Sécurité sociale oblige, un chômeur qui refuse un travail
représente une charge pour le reste de la société. Une
charge non négligeable, puisque selon les prévisions de l'Unédic, qui ne sont pas toujours fiables mais qui
ont le mérite de donner un ordre de grandeur, les dépenses
d'assurance chômage pourraient passer de 33,4 milliards d'euros en 2011
à plus de 38 milliards en 2013. La dette de l'Assurance chômage
atteindrait alors 18,6 milliards d'euros, contre 11 milliards en 2011. C’est
le prix à payer pour indemniser 2,3 millions de chômeurs.
Les
libéraux se sont longuement penchés sur ce problème du
chômage et de son indemnisation. Leur position est claire : le
chômage a pour causes principales, d'une part, le salaire minimum (en
France, le SMIC à 9,43 euros brut de l'heure), qui exclut du
marché les demandeurs d'emploi prêts à travailler pour un
salaire moindre ; d'autre part, les allocations chômage et les
minima sociaux, qui rendent le chômage moins coûteux par rapport
au travail et dissuadent donc les chômeurs de prendre ou même de
chercher un emploi.
Ainsi le
chômage volontaire n'est-il plus la cause du sous-emploi, mais le
symptôme d'une politique économique inefficace. C'est pourquoi
les critiques libérales visent en priorité non pas le
chômeur, mais les lois, les mesures, et les règlementations qui
font du chômage volontaire une stratégie rationnelle, et en fin
de compte légitime, pour l'individu.
Malheureusement,
la plupart des Français qui dénoncent le chômage
volontaire ne s'embarrassent pas de telles considérations. S'ils
condamnent l'assistanat et s'inquiètent du « trou de la
sécu » (13,3 milliards d'euros en 2012), ils
défendent l'État-providence et la République
« sociale » (article 1er de la Constitution).

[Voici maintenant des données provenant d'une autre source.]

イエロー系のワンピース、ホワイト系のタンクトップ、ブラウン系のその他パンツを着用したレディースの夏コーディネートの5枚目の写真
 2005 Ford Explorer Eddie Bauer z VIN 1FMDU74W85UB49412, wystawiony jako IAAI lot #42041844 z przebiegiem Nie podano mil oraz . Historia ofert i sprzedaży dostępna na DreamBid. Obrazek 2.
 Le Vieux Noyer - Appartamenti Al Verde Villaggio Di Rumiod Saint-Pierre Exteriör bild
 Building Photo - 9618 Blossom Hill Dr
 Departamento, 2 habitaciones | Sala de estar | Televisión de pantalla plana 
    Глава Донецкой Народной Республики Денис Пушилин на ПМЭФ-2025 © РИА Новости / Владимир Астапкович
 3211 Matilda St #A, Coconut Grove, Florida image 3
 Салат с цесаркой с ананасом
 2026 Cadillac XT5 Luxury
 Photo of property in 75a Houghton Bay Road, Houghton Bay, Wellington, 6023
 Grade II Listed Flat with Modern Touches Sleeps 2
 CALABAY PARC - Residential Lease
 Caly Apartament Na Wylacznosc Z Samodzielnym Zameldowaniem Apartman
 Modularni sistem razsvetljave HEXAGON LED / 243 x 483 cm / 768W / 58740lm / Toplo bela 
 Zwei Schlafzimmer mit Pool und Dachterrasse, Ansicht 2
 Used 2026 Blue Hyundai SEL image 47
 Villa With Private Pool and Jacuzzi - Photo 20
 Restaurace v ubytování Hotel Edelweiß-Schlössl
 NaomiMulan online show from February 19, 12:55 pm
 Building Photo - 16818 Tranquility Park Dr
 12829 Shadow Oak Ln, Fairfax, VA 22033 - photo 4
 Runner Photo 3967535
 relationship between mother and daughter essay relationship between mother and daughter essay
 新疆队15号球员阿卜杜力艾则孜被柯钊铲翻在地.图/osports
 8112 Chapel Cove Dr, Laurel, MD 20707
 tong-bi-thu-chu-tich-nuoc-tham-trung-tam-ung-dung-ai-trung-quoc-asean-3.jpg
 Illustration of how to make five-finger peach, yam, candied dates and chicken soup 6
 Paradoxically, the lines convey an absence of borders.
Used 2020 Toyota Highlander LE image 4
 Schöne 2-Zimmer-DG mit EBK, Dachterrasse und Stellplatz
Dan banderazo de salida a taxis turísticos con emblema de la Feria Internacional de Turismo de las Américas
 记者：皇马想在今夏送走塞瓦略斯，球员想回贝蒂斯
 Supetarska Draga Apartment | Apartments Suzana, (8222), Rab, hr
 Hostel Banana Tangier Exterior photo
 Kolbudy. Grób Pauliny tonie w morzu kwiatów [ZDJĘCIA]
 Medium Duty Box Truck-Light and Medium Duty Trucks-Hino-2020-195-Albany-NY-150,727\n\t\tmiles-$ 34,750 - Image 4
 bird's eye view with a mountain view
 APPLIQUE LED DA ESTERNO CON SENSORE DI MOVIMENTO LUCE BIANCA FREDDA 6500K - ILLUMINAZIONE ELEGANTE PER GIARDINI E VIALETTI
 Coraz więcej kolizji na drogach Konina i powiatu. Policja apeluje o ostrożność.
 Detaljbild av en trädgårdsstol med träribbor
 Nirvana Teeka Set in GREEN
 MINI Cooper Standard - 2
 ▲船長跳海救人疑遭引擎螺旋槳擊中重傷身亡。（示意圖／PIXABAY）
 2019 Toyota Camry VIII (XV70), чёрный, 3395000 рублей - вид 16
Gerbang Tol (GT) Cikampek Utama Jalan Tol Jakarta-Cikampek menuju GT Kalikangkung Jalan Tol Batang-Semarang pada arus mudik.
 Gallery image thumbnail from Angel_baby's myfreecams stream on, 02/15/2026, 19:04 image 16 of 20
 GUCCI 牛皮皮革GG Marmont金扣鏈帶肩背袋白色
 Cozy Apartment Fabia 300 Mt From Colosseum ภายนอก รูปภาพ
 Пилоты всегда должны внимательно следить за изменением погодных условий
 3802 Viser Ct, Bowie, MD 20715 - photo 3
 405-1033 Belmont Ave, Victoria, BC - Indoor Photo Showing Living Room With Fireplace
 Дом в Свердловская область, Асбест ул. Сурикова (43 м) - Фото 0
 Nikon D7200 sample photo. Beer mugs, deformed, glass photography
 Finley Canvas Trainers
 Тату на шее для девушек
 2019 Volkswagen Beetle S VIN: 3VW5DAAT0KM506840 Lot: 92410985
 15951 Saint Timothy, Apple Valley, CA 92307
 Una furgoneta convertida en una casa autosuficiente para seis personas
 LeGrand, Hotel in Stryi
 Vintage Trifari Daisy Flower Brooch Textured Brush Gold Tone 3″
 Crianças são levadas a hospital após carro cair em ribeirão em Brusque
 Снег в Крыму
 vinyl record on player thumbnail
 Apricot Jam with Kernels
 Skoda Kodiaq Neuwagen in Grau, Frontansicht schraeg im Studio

Pareillement, l'hostilité des Français aux hausses
d'impôts (les prélèvements obligatoires
représentent 46,3 % cette année, contre 44,9 % en 2012) n'a
d'égal que leur attachement au « modèle
social » justifiant ces prélèvements.
La
société française déplore un mal dont elle
chérit les causes. En invoquant le travail comme valeur, elle exige
des chômeurs un degré de vertu et de responsabilité dont
les « honnêtes travailleurs » sont pour la
plupart incapables dans la vie quotidienne. Et comme nous le verrons dans les
prochains articles, cette vision du chômage traduit moins la candeur
d'un raisonnement que l'hypocrisie d'un système aux abois.